Po posileniu się (polecam bigos) jedziemy na chwilę na szczyt podziwiać widoki. Widać sporo, ale płasko tam jest, że aż strach.


A jednak nie do końca płasko. Daleko na horyzoncie majaczą jakieś pasma górskie. Ktoś może mi powiedzieć co to jest?


Przerwa nieoczekiwanie się wydłuża, Szczęsny w schronisku zjadł tyle, że teraz, pomimo ciśnienia 3 barów, złapał snejka przy wjeżdżaniu na platformę widokową...


Jest więc czas na kolejne fotki. To zdjęcie cykał chyba Robert, nie wierzcie podpisowi ;) Ja tylko obrabiałem...


W czasie gdy Szczęsny zmienia dętkę, my oddajemy się małym przyjemnościom w postaci małych skoków z platformy widokowej na ziemię, Mało tam miejsca było na rozpęd, bez mocnego pedalkicka skok wyglądał właśnie tak.


Z Hrobaczej leniwym tempem wleczemy się z powrotem na Gaiki, gdzie udaje nam się spotkać się z Harrym. Wspólnie zabieramy się za niebieski szlak z Gaików - serię bardzo ciasnych agrafek. Zabawa jest przednia.


Agrafki zamieniają się w wąskiego singla, który wije się po zboczu i kończy taką właśnie stromą ścianką. Wiem, że nie widać stromizny.

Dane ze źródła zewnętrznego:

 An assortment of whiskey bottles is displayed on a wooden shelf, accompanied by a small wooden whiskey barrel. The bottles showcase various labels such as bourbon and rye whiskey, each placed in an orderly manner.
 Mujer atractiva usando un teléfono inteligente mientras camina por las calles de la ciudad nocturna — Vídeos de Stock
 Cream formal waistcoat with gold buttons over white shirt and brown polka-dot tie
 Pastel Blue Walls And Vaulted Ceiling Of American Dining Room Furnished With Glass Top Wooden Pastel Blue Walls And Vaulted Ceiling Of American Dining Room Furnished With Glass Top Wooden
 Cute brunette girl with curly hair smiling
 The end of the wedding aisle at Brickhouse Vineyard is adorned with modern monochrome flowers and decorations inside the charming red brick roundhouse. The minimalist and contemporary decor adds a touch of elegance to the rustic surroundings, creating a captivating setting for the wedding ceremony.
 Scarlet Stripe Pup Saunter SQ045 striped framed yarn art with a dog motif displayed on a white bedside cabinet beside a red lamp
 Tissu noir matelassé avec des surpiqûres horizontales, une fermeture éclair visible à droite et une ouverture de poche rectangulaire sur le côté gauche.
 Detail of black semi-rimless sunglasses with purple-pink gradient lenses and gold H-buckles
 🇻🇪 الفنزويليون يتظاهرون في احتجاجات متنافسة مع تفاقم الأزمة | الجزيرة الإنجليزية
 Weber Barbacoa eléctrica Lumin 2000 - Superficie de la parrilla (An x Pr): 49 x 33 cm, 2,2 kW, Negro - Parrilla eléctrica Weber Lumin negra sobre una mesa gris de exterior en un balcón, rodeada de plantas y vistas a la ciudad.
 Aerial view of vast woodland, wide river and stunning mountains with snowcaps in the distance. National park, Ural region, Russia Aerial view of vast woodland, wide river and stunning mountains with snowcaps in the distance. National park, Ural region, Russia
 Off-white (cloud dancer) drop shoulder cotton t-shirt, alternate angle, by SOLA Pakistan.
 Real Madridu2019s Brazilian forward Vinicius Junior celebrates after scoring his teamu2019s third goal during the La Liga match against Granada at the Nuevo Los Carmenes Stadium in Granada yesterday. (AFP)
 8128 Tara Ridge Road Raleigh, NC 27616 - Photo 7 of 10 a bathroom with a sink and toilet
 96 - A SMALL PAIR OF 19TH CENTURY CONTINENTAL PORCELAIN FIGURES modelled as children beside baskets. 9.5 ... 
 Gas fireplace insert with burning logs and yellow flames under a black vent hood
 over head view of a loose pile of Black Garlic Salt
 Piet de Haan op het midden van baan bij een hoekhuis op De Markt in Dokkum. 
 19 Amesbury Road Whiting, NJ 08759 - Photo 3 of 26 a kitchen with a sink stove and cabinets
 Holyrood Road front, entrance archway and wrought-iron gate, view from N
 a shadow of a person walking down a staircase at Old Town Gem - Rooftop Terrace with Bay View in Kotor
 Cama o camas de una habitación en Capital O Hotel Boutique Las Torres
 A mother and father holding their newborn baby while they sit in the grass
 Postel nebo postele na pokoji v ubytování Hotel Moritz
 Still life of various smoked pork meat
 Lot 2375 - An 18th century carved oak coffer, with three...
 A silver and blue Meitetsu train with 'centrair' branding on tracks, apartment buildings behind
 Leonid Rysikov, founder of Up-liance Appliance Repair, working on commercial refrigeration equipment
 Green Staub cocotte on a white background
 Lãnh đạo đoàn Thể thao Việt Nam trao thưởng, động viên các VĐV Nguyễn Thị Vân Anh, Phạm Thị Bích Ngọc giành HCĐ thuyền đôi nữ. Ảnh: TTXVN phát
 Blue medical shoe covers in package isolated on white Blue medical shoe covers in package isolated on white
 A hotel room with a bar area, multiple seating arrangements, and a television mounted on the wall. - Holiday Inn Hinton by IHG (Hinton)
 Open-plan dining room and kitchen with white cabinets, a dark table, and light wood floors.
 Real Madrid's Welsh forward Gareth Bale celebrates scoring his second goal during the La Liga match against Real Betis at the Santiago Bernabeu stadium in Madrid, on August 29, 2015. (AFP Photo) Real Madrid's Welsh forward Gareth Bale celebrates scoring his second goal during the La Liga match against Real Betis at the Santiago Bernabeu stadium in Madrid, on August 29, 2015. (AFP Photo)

Tu może nieco bardziej. Szlak robi się potem zdecydowanie mniej techniczny, ale nadal jedzie się przyjemnie. Koniec końców leśna droga zamienia się w asfalt, którym (na szczęście niemal non stop w dół) jedziemy do Bielska na pociąg powrotny...

Galeria okiem Kartoniera: http://kartonier.lap.pl/gallery/album/5363552990201822817

Do następnego! :)

Komentarze (6)

Niesamowite fotki! Czuje się, trochę, jakbym tam z Wami skakał...

rammzes 08:28 sobota, 6 lutego 2010

Aż się miło oglądało rower+góry :D:D

DARIUSZ79 07:11 sobota, 6 lutego 2010

dzięki wielkie :)

foxiu 02:01 sobota, 6 lutego 2010

gratule Foxiu za 1 miejsce w foto BB :)

sebas 02:01 sobota, 6 lutego 2010

Ciekawe zdjęcie główne :D ponoć (tak zapewnia Masta W, nasz alpejski explorer) na Nordwand najlepsi austriaccy freeriderzy używają dokładnie takiej samej techniki hamowania na najstromszych odcinkach (dupa o oponę ;)

sebas 02:01 sobota, 6 lutego 2010

Fajna wycieczka, hamowanie dupą niezłe :D

Jakbyśmy wiedzieli (wiem, nie zaglądam na forum) to chętnie też byśmy się wybrali :P A tak tylko uciekł nam pociąg do Zwardonia i tyle było z naszej wycieczki.